━━━ Supplied material ━━━
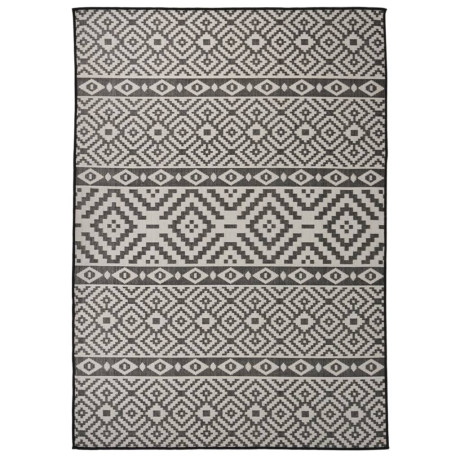 vidaXL Buitenkleed met patroon platgeweven 120x170 cm zwart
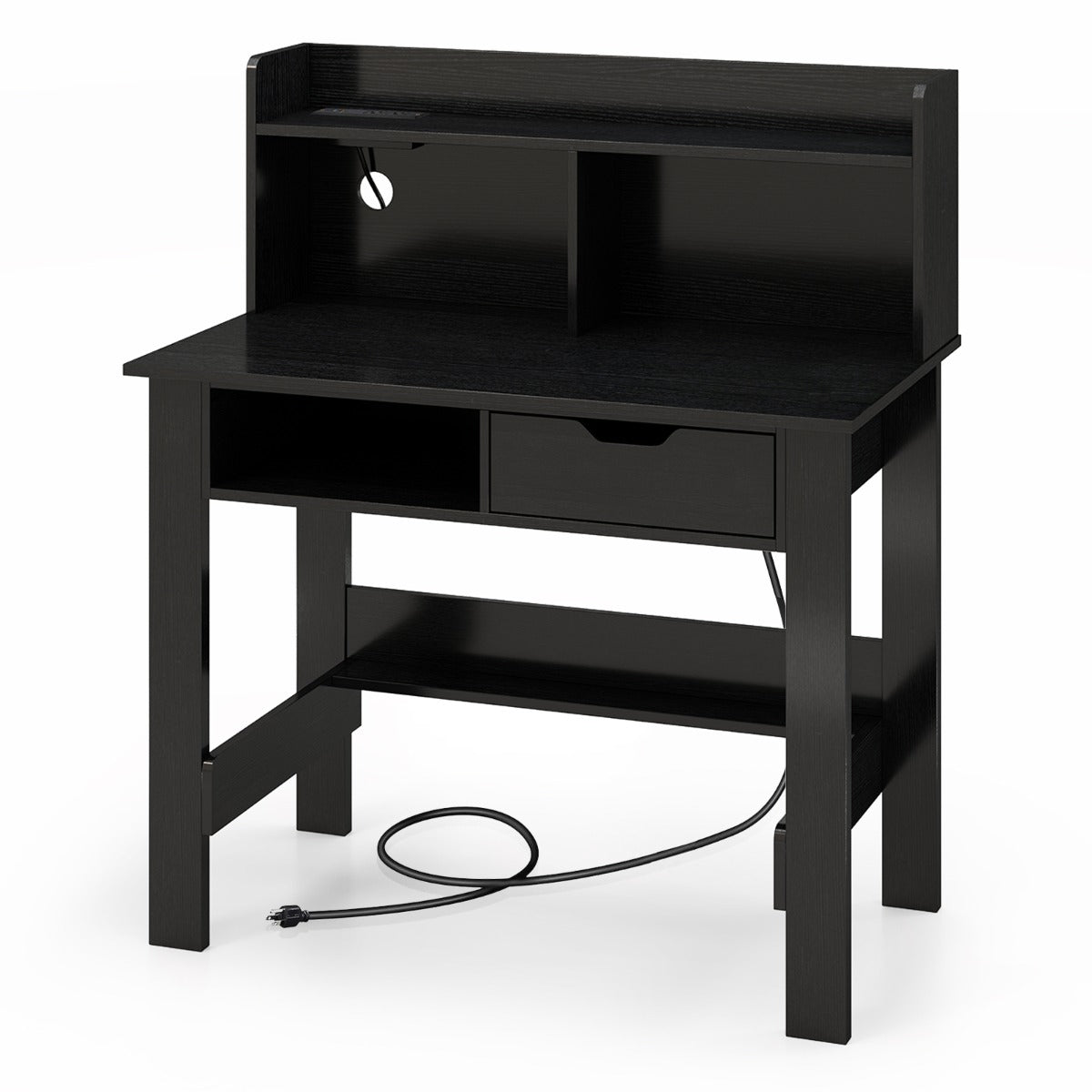 LIVSK Computerbureau met Oplaadstation - 2 Stopcontacten - USB & Type-C Poorten - Grote Lade - Wit/Zwart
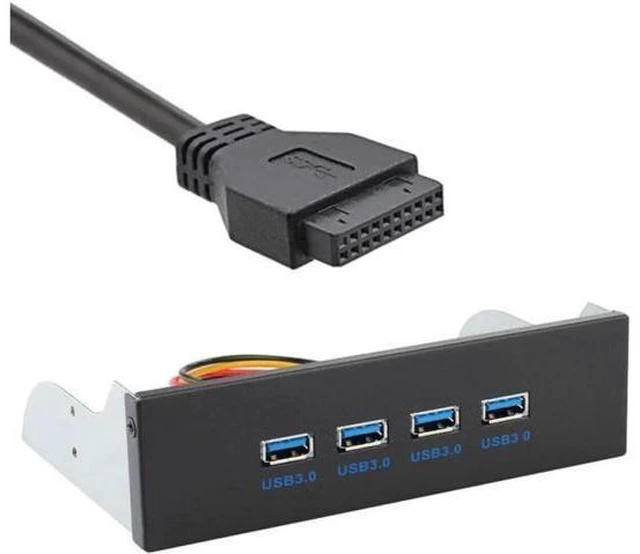 Alt view image 5 of 6 - Aomoproing Motherboard 20Pin Connector Cable for 5.25" CD-ROM Bay to USB 3.0 HUB 4 Ports Front Panel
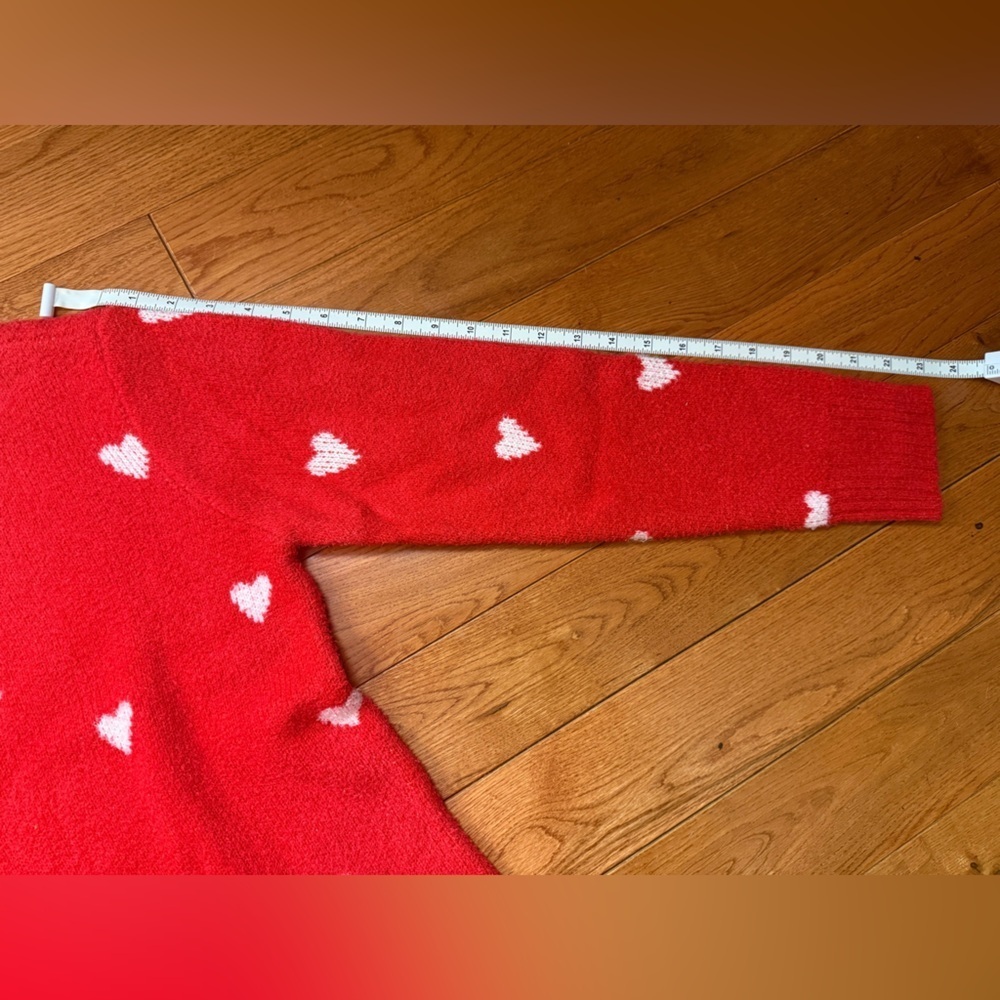 Peace Love World Red Heart Sweater - Picture 6 of 6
━━━
#### Exercise directions:
Beginning with the line that contains "LIVSK Computerbureau met" and ending with the last line of the data, transcribe each line exactly; pictures stay out.

#### Your solution:
 LIVSK Computerbureau met Oplaadstation - 2 Stopcontacten - USB & Type-C Poorten - Grote Lade - Wit/Zwart
 Alt view image 5 of 6 - Aomoproing Motherboard 20Pin Connector Cable for 5.25" CD-ROM Bay to USB 3.0 HUB 4 Ports Front Panel
 Peace Love World Red Heart Sweater - Picture 6 of 6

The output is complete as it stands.